• EXERCISE DATA:
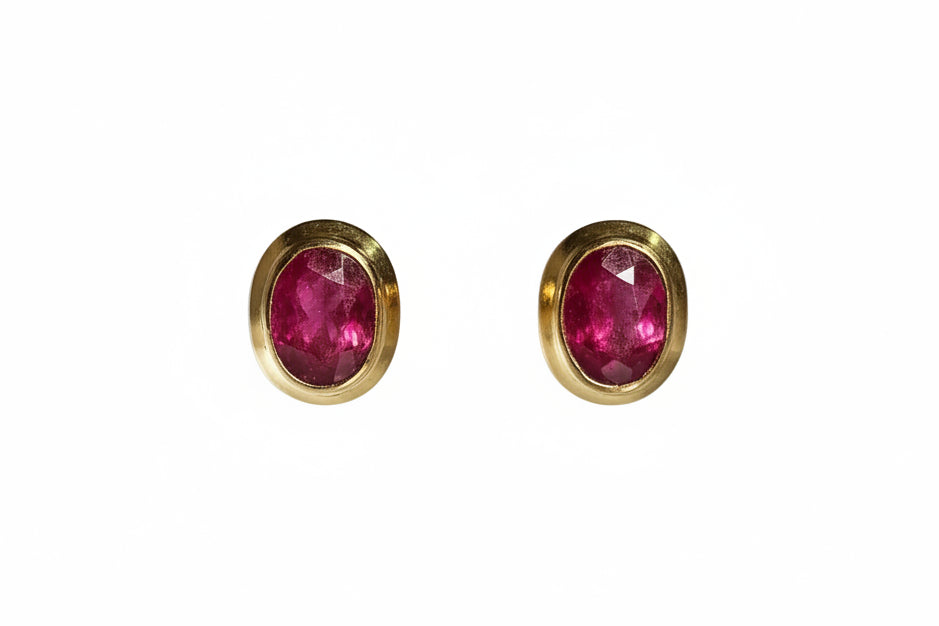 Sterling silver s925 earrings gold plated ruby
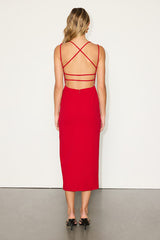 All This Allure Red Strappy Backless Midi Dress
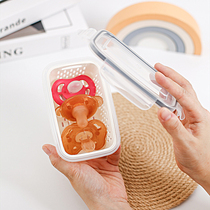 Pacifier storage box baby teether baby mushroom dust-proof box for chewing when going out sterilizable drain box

• TASK STATEMENT:
Lines before the one containing "All This Allure" are not wanted; repeat that line and the rest of the listing exactly, leaving out pictures.

• WRITTEN SOLUTION:
 All This Allure Red Strappy Backless Midi Dress
 Pacifier storage box baby teether baby mushroom dust-proof box for chewing when going out sterilizable drain box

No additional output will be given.